(Web page caption snippets)
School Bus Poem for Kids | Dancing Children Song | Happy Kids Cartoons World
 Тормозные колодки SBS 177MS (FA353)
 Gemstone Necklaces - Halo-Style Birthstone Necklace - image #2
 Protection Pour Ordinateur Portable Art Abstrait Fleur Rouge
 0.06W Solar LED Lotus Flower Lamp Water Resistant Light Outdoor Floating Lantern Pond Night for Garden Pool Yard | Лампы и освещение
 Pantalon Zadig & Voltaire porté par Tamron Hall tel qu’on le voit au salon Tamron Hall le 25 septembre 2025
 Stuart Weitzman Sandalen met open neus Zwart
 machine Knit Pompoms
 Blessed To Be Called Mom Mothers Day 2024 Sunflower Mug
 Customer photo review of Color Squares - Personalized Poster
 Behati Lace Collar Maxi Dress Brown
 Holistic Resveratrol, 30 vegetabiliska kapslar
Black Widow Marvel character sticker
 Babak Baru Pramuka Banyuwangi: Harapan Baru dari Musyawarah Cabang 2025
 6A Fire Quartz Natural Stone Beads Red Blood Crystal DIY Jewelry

Work order:
Restate word for word only the lines running from the beginning of the data to the line holding "Protection Pour Ordinateur", both included.

Exercise response:
School Bus Poem for Kids | Dancing Children Song | Happy Kids Cartoons World
 Тормозные колодки SBS 177MS (FA353)
 Gemstone Necklaces - Halo-Style Birthstone Necklace - image #2
 Protection Pour Ordinateur Portable Art Abstrait Fleur Rouge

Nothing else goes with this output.